---------- THE RECORDS
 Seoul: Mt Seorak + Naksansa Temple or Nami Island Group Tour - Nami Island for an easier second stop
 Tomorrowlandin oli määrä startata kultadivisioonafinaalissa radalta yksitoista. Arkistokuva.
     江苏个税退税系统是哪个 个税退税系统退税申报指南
--------------------
---------- THE RECORDS
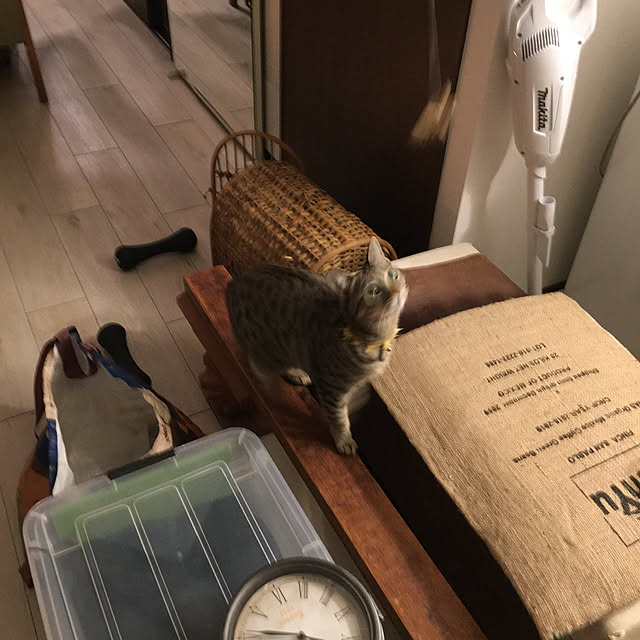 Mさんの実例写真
--------------------
---------- THE RECORDS
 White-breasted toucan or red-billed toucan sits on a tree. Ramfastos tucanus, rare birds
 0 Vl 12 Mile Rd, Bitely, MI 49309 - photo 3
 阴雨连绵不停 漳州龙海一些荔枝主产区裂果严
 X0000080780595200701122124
--------------------
_WHAT IS REQUIRED_
From the listing above, repeat exactly the lines starting at the line that includes "0 Vl 12 Mile Rd, Bitely, MI 49309 - photo 3" and ending at the line that includes "X0000080780595200701122124", with nothing outside that span.

_RESULT OF THE EXERCISE_
 0 Vl 12 Mile Rd, Bitely, MI 49309 - photo 3
 阴雨连绵不停 漳州龙海一些荔枝主产区裂果严
 X0000080780595200701122124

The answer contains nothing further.